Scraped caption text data
**********
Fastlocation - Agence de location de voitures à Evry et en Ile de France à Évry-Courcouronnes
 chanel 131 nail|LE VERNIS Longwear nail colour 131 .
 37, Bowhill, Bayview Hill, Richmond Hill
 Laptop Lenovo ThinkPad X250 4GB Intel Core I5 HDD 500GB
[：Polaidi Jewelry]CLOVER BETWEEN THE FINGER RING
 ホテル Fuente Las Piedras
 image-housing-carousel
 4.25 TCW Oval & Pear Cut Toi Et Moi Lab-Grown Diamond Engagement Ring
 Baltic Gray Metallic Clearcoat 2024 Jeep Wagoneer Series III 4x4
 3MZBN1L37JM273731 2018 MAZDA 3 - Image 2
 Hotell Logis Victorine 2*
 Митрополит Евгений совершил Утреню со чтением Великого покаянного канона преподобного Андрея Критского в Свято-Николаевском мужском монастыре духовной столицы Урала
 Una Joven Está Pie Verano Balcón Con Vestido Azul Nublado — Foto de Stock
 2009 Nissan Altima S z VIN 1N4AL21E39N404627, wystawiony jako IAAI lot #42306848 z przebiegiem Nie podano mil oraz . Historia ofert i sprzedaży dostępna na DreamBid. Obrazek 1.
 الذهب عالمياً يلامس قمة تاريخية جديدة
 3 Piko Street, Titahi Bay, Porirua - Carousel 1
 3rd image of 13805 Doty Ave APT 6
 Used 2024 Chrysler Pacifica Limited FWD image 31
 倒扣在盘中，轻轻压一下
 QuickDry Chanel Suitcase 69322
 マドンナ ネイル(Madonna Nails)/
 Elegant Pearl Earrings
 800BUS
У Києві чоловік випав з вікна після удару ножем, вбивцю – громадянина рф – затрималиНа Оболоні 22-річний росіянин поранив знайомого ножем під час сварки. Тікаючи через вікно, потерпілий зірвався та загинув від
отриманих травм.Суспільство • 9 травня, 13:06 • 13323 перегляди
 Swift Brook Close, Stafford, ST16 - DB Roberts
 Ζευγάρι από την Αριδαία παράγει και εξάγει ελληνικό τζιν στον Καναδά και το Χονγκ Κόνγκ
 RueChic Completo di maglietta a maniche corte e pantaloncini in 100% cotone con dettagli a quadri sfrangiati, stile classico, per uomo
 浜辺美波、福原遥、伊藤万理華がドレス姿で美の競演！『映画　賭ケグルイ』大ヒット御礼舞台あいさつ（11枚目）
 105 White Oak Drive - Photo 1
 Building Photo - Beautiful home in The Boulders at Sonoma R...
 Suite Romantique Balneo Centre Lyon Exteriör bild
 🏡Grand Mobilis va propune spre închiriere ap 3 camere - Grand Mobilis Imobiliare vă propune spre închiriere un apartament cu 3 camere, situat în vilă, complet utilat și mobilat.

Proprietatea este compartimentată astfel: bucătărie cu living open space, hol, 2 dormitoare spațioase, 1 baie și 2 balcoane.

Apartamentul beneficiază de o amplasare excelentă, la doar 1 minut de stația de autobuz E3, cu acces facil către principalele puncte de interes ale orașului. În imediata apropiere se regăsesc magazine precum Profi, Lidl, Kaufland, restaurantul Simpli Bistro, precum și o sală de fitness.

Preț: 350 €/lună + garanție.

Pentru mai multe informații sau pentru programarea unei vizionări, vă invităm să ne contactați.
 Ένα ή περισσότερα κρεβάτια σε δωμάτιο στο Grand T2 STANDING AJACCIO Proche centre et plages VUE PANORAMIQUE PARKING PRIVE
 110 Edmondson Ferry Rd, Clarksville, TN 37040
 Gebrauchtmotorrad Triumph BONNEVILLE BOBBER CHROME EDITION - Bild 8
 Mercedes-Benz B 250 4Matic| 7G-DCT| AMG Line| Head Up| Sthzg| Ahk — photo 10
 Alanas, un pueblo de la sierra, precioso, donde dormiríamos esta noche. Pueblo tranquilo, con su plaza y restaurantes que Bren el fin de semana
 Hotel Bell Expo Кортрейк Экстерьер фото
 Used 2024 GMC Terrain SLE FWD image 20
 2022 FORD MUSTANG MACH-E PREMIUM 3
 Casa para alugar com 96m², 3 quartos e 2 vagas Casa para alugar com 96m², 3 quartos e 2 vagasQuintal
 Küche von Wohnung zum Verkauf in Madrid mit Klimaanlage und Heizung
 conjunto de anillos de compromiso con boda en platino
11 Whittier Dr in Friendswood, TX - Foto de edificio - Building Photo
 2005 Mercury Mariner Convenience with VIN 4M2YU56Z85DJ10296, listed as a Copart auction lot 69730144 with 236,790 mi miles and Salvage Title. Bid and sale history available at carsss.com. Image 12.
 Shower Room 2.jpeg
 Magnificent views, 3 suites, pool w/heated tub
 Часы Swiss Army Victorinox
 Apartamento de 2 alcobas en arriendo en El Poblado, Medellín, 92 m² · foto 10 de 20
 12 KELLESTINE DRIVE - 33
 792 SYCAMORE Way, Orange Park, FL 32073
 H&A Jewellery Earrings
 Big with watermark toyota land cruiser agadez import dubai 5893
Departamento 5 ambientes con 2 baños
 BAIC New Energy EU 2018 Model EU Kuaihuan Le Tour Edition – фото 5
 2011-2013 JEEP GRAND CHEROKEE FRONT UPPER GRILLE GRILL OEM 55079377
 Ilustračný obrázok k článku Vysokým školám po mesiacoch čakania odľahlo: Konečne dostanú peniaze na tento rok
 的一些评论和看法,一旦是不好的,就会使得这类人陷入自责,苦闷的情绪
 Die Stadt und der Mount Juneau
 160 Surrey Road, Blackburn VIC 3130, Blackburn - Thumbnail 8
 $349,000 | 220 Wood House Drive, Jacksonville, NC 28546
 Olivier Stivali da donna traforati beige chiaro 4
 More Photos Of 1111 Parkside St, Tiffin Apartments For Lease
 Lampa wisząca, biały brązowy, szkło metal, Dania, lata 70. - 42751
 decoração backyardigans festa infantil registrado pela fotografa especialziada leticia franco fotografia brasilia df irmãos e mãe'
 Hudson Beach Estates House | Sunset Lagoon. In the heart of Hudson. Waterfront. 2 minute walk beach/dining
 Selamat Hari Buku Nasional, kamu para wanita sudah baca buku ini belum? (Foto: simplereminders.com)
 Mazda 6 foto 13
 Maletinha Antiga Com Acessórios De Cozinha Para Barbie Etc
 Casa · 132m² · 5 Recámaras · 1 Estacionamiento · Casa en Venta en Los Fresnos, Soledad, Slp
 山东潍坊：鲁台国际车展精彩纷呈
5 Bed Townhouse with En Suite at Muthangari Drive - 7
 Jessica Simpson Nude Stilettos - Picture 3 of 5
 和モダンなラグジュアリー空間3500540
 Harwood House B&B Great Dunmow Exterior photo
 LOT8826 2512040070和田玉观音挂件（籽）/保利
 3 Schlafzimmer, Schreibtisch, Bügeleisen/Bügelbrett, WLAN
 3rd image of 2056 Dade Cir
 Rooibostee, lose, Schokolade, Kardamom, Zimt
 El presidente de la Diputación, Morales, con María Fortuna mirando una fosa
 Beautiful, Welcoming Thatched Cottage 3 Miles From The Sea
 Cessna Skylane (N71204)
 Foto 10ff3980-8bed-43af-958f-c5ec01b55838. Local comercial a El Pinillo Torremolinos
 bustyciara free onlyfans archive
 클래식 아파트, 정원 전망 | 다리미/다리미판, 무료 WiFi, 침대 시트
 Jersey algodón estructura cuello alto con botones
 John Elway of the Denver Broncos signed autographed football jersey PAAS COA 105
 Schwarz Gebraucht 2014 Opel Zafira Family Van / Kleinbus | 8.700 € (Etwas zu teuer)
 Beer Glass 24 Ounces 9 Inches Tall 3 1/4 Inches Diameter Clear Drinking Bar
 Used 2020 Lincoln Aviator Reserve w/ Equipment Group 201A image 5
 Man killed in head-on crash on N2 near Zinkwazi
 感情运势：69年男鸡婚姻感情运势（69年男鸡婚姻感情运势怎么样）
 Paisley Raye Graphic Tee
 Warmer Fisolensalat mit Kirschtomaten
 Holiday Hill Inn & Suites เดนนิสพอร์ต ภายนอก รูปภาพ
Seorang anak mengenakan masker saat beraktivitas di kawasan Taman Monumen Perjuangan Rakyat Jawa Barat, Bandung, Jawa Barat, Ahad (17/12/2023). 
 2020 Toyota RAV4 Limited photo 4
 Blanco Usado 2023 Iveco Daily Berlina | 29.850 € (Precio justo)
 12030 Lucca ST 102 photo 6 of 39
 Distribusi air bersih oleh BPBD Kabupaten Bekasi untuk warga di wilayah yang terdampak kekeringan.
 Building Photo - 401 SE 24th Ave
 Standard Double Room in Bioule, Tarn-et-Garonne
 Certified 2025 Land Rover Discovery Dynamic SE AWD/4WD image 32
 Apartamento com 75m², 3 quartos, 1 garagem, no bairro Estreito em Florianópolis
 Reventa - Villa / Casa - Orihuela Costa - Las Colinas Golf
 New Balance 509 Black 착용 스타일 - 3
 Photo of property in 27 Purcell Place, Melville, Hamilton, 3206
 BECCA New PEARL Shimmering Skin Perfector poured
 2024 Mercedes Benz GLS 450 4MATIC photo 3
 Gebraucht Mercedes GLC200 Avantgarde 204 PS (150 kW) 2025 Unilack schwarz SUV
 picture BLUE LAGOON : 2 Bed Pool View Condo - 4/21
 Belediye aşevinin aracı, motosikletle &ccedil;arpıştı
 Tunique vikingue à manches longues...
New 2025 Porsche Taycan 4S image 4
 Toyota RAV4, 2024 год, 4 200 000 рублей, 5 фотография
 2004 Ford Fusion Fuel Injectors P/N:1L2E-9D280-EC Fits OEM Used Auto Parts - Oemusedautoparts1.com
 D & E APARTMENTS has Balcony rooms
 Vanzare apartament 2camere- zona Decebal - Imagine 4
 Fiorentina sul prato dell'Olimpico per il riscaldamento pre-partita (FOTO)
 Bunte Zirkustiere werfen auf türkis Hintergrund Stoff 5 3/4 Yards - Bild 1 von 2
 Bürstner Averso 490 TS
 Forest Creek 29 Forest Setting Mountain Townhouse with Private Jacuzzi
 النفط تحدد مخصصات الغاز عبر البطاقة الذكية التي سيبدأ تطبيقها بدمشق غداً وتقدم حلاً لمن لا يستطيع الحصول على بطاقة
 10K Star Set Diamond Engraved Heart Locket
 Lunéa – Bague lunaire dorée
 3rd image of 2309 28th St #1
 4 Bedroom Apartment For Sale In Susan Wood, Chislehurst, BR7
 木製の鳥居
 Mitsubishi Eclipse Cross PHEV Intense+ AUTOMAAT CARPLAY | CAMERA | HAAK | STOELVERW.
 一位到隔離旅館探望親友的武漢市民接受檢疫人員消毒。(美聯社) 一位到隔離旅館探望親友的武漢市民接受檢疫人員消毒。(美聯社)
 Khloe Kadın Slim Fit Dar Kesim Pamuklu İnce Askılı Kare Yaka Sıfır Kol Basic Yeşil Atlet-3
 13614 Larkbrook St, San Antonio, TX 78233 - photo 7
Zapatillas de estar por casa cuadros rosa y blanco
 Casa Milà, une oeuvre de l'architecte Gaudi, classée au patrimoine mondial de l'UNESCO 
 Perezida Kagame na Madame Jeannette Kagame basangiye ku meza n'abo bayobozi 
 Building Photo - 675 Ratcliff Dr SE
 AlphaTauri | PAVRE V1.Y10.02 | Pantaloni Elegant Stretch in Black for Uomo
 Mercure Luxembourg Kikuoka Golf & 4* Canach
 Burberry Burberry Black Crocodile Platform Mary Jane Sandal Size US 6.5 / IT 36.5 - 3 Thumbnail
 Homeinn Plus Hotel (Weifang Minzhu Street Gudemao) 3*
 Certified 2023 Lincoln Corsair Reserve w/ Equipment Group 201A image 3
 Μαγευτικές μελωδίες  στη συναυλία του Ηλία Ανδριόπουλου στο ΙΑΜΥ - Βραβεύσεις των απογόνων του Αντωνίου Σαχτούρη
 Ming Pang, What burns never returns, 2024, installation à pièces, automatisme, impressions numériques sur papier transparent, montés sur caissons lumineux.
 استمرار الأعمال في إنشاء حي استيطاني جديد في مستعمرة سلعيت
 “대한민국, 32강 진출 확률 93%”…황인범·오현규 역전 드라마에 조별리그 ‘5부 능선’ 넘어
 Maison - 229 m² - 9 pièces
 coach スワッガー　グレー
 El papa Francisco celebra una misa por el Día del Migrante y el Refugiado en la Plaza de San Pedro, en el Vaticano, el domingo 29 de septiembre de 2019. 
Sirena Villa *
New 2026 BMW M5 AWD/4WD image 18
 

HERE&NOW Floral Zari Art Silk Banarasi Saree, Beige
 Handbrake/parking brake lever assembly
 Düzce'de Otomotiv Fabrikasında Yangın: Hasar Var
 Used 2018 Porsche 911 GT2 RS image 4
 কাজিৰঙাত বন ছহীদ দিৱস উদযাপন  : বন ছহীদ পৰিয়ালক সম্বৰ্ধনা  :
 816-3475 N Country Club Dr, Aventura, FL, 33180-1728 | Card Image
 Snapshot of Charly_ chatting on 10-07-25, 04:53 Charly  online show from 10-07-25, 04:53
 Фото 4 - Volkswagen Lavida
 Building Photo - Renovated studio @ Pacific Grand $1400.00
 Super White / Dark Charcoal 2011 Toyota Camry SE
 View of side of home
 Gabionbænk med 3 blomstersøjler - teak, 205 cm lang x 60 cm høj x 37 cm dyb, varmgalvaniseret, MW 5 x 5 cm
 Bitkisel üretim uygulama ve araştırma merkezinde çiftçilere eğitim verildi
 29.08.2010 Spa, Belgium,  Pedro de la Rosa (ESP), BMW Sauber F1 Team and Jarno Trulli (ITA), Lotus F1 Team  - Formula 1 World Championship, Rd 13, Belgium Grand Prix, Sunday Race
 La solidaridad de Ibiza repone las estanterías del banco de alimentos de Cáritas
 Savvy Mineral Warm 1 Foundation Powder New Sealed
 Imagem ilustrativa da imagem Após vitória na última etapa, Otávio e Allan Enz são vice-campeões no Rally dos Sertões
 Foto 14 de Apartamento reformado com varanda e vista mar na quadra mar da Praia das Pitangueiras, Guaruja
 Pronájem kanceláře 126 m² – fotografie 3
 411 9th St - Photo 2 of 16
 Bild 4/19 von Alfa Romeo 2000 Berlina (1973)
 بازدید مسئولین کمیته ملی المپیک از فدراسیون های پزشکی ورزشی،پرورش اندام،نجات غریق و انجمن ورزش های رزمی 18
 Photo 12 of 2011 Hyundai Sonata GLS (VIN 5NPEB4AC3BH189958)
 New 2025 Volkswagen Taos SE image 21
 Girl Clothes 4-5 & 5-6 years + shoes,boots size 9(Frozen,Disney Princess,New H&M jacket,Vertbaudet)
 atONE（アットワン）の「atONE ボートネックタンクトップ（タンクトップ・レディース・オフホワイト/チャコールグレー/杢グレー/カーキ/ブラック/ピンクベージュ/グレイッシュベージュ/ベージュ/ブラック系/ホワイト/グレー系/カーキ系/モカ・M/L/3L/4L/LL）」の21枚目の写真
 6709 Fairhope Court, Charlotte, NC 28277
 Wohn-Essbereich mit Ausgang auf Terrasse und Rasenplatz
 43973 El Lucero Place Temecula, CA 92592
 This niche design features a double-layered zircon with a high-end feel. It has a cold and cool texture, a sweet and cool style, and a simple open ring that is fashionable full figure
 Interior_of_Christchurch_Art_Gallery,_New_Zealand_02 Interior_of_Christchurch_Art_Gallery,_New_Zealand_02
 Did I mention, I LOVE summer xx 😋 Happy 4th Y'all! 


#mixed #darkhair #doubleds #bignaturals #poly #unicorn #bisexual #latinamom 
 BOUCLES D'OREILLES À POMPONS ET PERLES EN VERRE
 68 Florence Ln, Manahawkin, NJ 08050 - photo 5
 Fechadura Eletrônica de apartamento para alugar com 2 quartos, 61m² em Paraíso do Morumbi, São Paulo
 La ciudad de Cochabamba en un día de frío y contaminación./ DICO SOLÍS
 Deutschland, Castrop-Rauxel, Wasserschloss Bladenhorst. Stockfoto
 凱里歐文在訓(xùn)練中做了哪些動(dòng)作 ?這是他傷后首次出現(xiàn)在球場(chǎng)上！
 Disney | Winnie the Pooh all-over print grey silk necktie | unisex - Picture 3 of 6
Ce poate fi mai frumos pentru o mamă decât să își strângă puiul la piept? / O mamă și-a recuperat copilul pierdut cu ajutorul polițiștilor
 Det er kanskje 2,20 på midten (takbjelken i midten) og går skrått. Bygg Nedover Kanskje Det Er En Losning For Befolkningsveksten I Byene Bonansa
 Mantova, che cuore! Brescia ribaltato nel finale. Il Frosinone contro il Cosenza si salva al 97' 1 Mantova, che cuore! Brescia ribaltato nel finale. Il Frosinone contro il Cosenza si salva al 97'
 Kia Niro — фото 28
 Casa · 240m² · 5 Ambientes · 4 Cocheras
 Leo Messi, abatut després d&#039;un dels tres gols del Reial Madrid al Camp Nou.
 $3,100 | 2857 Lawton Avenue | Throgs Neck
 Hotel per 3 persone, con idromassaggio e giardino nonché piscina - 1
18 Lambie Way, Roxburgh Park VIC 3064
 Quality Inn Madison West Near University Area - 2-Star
**********
> **Problem description**:
Would you please copy exactly the part of the entries above that begins at the line containing "Homeinn Plus Hotel" and ends at the line containing "του Αντωνίου Σαχτούρη", both lines included?

> **Solution below**:
 Homeinn Plus Hotel (Weifang Minzhu Street Gudemao) 3*
 Certified 2023 Lincoln Corsair Reserve w/ Equipment Group 201A image 3
 Μαγευτικές μελωδίες  στη συναυλία του Ηλία Ανδριόπουλου στο ΙΑΜΥ - Βραβεύσεις των απογόνων του Αντωνίου Σαχτούρη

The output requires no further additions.